Sonría como le sonríen a usted. Eso hace que todo vaya mejor. Y procure llamar a todos (enfermeras, celadores, médicos) por su nombre. Hable con ellos, pregúnteles por su vida, muestre interés
No tenga prisa porque le va a dar igual. Le pegarán cables y electrodos y vesanias por todo el pecho. Bueno, es así. Le harán pruebas, ecografías, escáneres de ciencia ficción. Le traerán y le llevarán, impúdicamente ataviado con un blusón que apenas se abrocha por detrás, por interminables pasillos en los que hay personas correctamente vestidas que le mirarán con cierto pánico. Haga de la necesidad virtud: pregúntele al celador que le acarrea si es capaz de derrapar en las curvas; eso le hará reír y tanto él como usted se sentirán mejor. Le atenderá un ilustre cardiólogo cada día (hay como veinte cardiólogos: hágase cargo) y le pedirá que le vuelva a contar, desde el principio, qué le pasó: es el momento de usar su imaginación y adornar la historia, pero no se pase porque hay pocas cosas peores para un paciente del corazón que un cardiólogo alarmado. Sonría. Sonría como le sonríen a usted. Eso hace que todo vaya mejor. Y procure llamar a todos (enfermeras, celadores, médicos) por su nombre. Hable con ellos, pregúnteles por su vida, muestre interés, que es lo que ellos hacen con usted. Eso también ayuda.
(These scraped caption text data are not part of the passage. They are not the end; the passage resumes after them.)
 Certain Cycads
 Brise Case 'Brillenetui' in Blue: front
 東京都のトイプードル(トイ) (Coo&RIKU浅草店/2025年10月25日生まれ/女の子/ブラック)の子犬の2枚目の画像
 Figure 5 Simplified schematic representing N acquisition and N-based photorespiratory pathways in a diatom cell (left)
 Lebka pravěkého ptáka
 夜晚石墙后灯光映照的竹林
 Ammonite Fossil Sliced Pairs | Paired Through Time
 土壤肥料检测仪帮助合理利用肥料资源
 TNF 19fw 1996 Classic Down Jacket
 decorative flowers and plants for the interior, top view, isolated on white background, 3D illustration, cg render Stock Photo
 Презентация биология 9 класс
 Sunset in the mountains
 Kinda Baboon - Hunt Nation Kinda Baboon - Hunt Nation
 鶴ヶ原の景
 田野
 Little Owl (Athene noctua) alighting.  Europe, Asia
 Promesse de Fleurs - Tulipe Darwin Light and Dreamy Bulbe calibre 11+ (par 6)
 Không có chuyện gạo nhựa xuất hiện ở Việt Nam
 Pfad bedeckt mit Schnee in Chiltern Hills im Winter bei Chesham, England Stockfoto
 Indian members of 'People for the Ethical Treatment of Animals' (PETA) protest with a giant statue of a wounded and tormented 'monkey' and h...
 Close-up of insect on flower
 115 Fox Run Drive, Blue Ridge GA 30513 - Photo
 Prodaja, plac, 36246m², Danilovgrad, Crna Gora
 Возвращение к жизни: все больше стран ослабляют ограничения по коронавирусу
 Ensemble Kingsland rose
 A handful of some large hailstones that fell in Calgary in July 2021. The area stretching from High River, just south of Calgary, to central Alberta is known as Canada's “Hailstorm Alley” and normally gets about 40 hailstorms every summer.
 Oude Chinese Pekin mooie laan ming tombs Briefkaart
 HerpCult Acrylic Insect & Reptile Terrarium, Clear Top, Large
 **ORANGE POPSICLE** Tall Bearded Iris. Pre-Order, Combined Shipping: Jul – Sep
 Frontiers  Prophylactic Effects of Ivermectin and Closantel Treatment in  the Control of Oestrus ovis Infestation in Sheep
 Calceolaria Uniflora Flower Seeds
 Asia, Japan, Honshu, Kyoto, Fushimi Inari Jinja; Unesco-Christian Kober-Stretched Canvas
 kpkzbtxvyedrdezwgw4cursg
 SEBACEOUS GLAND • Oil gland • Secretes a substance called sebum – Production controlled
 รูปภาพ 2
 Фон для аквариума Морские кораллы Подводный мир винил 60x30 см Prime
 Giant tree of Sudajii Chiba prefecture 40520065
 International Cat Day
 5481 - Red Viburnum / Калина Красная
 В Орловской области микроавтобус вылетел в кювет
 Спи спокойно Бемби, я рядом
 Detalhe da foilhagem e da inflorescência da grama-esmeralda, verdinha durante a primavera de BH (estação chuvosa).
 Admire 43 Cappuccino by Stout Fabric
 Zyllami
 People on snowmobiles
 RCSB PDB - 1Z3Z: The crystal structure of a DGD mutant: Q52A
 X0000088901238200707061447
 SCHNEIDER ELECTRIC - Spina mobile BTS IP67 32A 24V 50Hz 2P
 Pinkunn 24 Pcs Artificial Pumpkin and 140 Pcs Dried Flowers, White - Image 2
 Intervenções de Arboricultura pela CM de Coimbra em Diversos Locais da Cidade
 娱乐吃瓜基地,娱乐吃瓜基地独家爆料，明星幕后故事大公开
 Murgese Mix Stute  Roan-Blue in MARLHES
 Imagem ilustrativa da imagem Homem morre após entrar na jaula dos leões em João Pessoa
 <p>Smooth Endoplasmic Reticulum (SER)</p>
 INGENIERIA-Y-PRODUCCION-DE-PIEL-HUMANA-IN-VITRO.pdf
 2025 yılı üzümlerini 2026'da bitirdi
Cuando por fin le den el alta, contenga su irrefrenable impulso de ponerse a saltar, a bailar, a cantar el Aleluya de Haendel o de arrancarse usted mismo la vía intravenosa que le han puesto a la muñeca, y que le está dando pena de cruz. Sencillamente, dé las gracias. Y dos besos, si puede ser. Lo han hecho bien. Siempre lo hacen bien. Son unas personas maravillosas.
Y por favor, por favor: cuando ya haya recuperado la libertad y sus amigos y familiares le repitan uno tras otro, por septingentésima vez, esa frase irritante como arañar un encerado: “Y ahora, Luisito, haz el favor de empezar a cuidarte”, ni se le ocurra decirles lo que está pensando. Ni agredirles tampoco. Primero, porque eso no está bien. Y segundo, porque tienen razón, coño. Y se lo dicen no solo porque se sienten superiores a usted (que también, ¿eh? Que también) sino porque le quieren. Y eso es lo más importante que hay en esta vida. Me atrevería a decir que más importante que la vida misma.